A funny thing happend to me a few days ago. I was at my place of work and was walking to another part of the building. I happened to pass a water-cooler and decided, in a flash, to stop for a glass of water. After having my glass of water I resumed my walk and reached a set of fire-doors. As I was reaching out to open the door it was opened from the other side by someone who had arrived at that opposite side exactly at the same time.

As I passed through the doors I realised that had I not stopped for water I would not have arrived at the door at the same time as the other person. I know people will think that I am making a big deal and that since it is a place of work, people are bound to be passing through those doors regularly.

Firstly I am not saying there is anything magical about what happened. The other person was a young lady but I did not even see her face properly. I don’t know her. Our eyes did not meet. It was not love at first sight! Secondly I work at a university and these days there are no students on campus due to the summer break. The faculty strength is also reduced since most people are away on holiday. So obviously the foot traffic is reduced.

Coming back to the point I was trying to make, this incident made me first realise and then question the effect of choices. Do choices we make end up making a big difference or not? The future is fixed or is it not fixed? Did I make the coincidence happen by suddenly deciding to have water. Or was it going to happen in any case?

There is no way to tell.

This little incident also highlights the two approaches to life.

One approach says that the future is fixed. Whatever has to happen will happen.

The other approach says that each and every action (and in-action) changes your future. The ripples we create today become waves tomorrow and tsunamis the day-after. Or the tsunamis that rock our life today become mere ripples tomorrow.

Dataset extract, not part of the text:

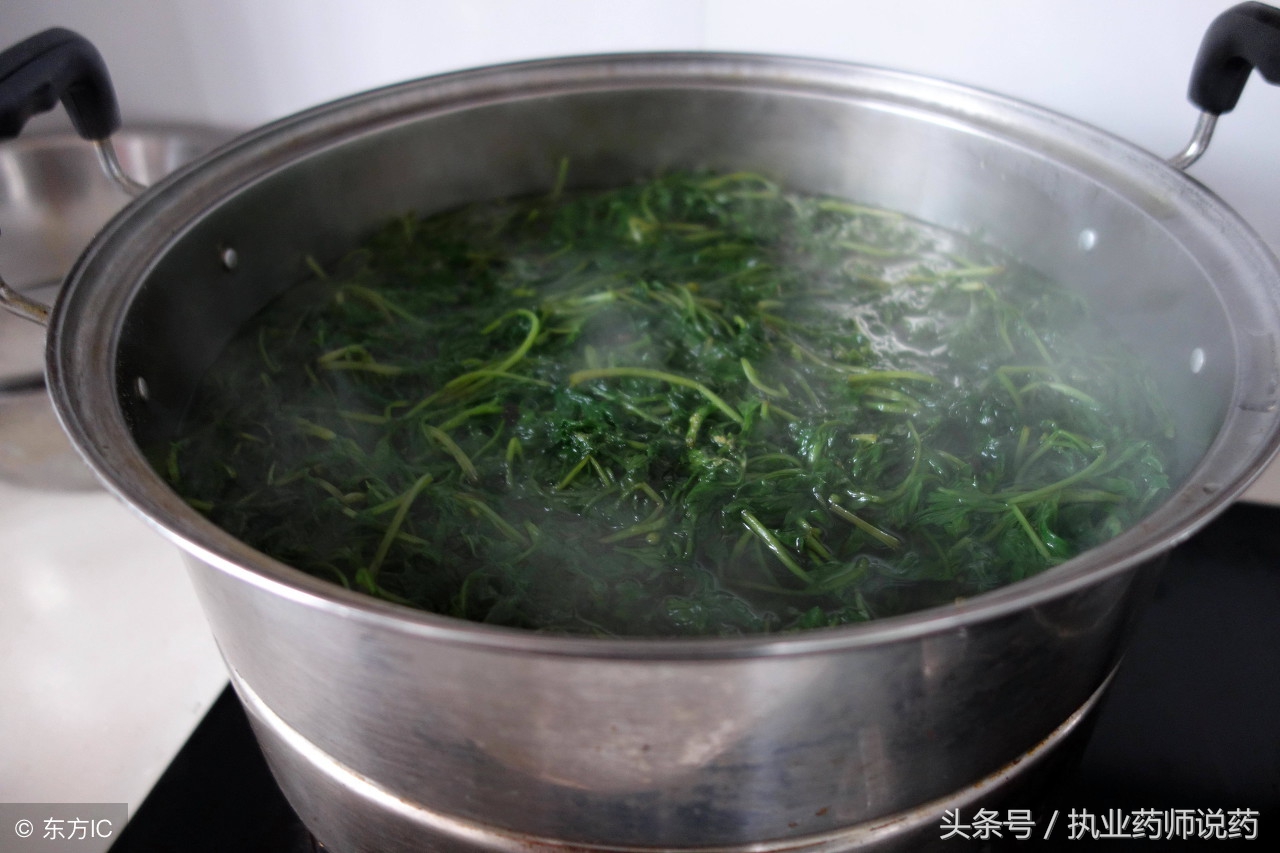 艾草是治疗月经不调最好的药，也是道养生小菜，但注意用错会中毒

The Bhagvad Gita gives this debate an interesting twist. It says:

He who sees inaction in action,

and action in inaction,

he is intelligent among men,

he is a Yogi and a doer of all action

In other words even inaction is a form of action. It makes everything inaction and action.

Taking a step is inaction. Why? Because you cannot try different steps in one go. So while with respect to that selected step you have taken an action, with respect to other possible steps which you could have taken you have shown inaction.

Therefore the Gita tells us we are always active and passive. Thus we are always changing the future through action (if the future can be changed) or we are playing out a fixed script through inaction (if the future cannot be changed)!